> LISTED ENTRIES
=== Section Start ===

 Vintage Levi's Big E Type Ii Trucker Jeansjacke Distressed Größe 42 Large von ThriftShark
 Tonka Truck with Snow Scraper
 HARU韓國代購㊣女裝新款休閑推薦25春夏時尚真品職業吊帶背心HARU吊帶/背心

=== Section End ===
=== Section Start ===

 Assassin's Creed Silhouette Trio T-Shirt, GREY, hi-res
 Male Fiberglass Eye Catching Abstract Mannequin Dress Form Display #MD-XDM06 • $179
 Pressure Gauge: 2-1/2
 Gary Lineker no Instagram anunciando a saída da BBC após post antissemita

=== Section End ===
=== Section Start ===

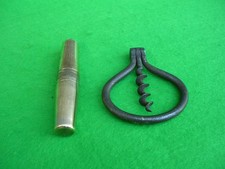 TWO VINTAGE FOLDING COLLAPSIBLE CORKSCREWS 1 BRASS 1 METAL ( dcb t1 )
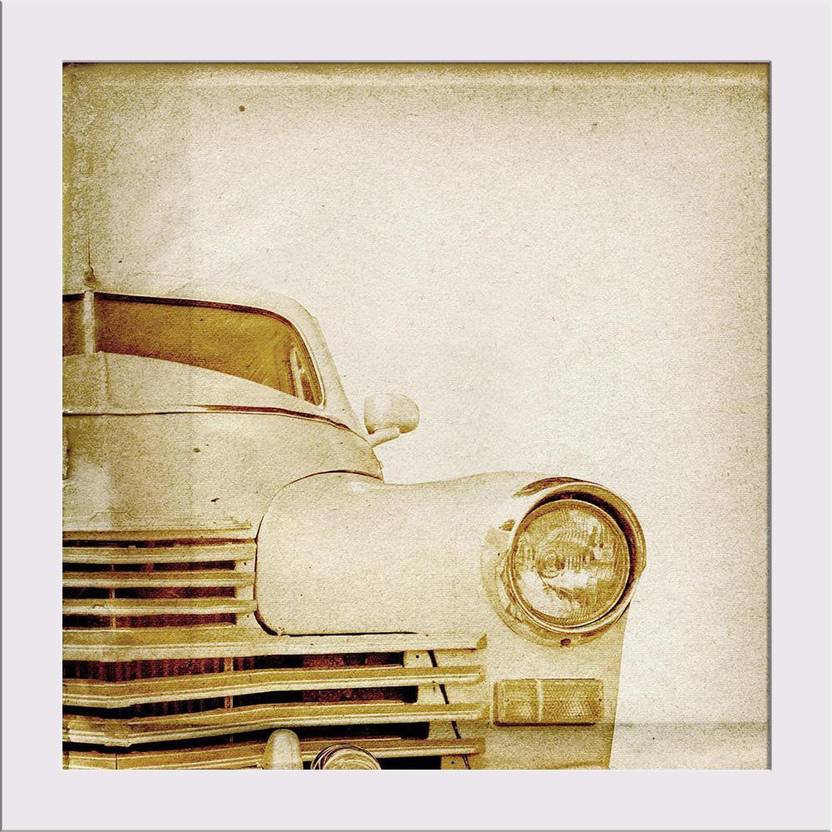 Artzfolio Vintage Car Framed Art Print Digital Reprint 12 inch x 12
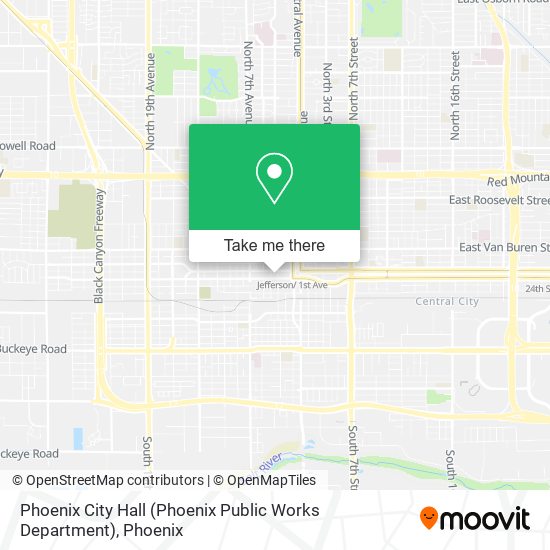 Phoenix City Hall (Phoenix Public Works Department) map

=== Section End ===

> TASK STATEMENT
Of the entries listed above, reproduce only the lines starting at the line containing "Male Fiberglass Eye" and ending at the line containing "Gary Lineker no". Include both, exactly as they stand.

> RESPONSE AREA
 Male Fiberglass Eye Catching Abstract Mannequin Dress Form Display #MD-XDM06 • $179
 Pressure Gauge: 2-1/2
 Gary Lineker no Instagram anunciando a saída da BBC após post antissemita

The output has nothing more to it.